PULMÃO DA MINA NA BIENAL DE SÃO PAULO

PULMÃO DA MINA NA BIENAL DE SÃO PAULO

No final do século XIX, os mineiros passaram a entrar nas galerias das minas de carvão britânicas levando gaiolas com canários. A “tecnologia” foi adotada por sugestão do fisiologista John Haldane, já que essa espécie de pássaro, devido ao seu sistema respiratório peculiar, é capaz de detectar precocemente a existência de gases tóxicos, como metano e gás carbônico, formados após as explosões que ocorriam com frequência nas minas. Naturalmente inquietos e de canto ininterrupto, o metabolismo sensível dos canários reagia de imediato à redução de oxigênio no ambiente: oscilavam violentamente, paravam de cantar e caíam mortos. Era o sinal inequívoco para que os mineiros evacuassem a mina.

Pulmão da Mina 1

A cena deu origem, mais à frente, à expressão “canary in the coal mine” (canário na mina de carvão) usada para designar situações de emergência ou perigo iminente. Seu emprego foi retomado atualmente como referência aos riscos crescentes da mudança climática, inclusive nomeando um relatório do secretário de estado norte-americano John Kerry sobre o tema.

Pulmão da Mina 6

Os chamados pássaros-sentinela também foram usados em antigas minas subterrâneas de ouro no Brasil e são o ponto de partida da instalação Pulmão da Mina, criada pela artista plástica Luana Vitra e comissionada para a 35ª Bienal de São Paulo. Ocupando uma área aberta de 100 m no segundo andar do pavilhão da mostra, no Parque Ibirapuera, capital paulista, a obra combina pequenas esculturas que representam os canários, com flechas-patuás metálicas, ervas, conchas, cordas e anil, parecendo remeter a rotas de fuga ou escape como as que os mineiros buscavam diante do risco de morte no interior das minas, assim como ao seu instinto de sobrevivência.

Pulmão da Mina 1

 

Os canários são banhados em prata e cobre, como são de cobre as grandes conchas onde seus corpos sem vida são expostos.
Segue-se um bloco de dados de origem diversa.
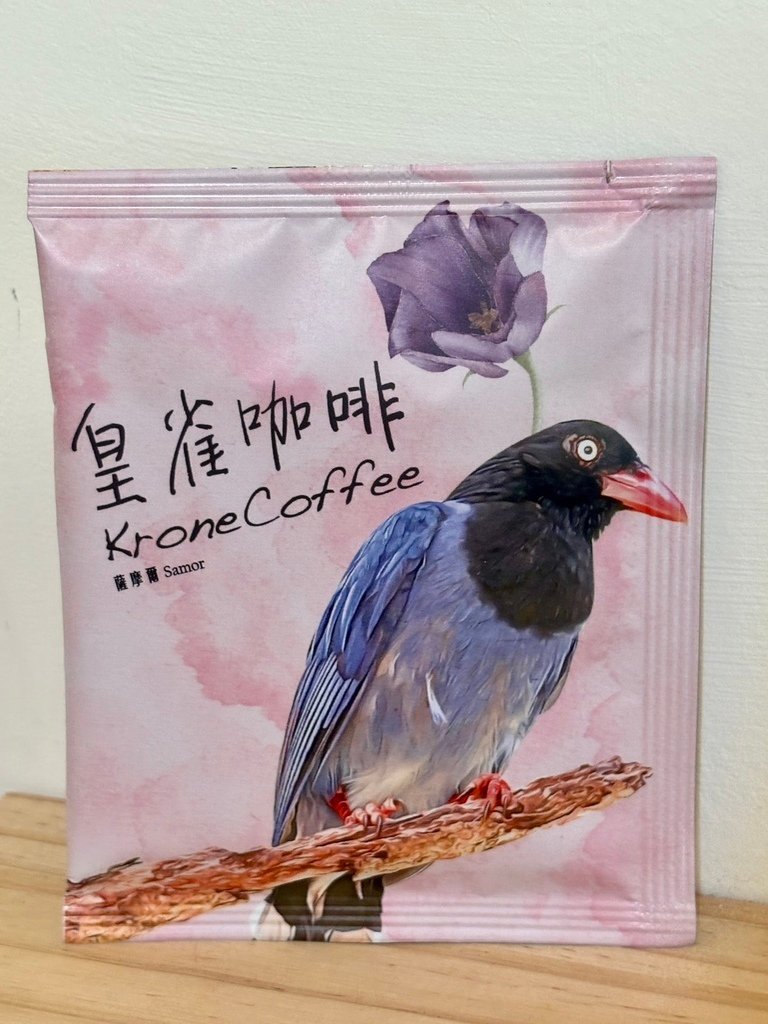 皇雀咖啡評價【皇雀咖啡X統一生機｜濾掛咖啡堅果禮盒開箱】皇雀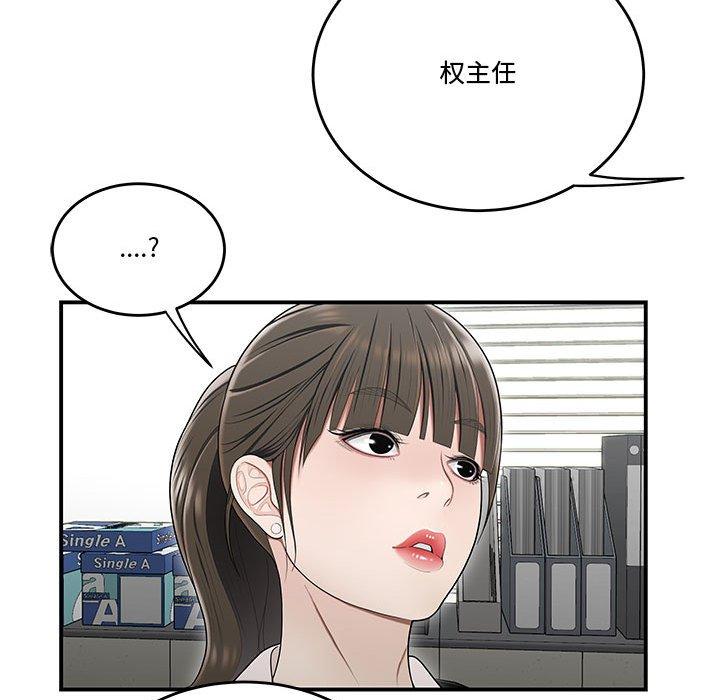 第21话-流言-SSOME（第16张）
A escolha dos materiais não é aleatória: os metais possuem alta condutividade e resistividade, características que, no caso, assumem os significados respectivos de orientação e resistência. As flechas-patuás, também em destaque na instalação, são feitas de ferro e remetem ao orixá Ogum, tendo o sentido espiritual de desbloquear caminhos.

A maioria delas direciona a lugares mais seguros e livres. As conchas, ervas e cordas são uma alusão à presença africana no Brasil, simbolizando os escravos que trabalharam na mineração de ouro, em especial em Minas Gerais, nos séculos XVII e XVIII. Já o anil em pó foi importado da Nigéria, onde é chamado wagi, sendo usado para a limpeza energética de ambientes. Veio da Nigéria, aliás, a maior parte dos escravos traficados para Minas Gerais.

Luana Vitra é natural de Contagem (MG) e sua instalação pode ser vista na Bienal de São Paulo até 10 de dezembro de 2023. A entrada é gratuita.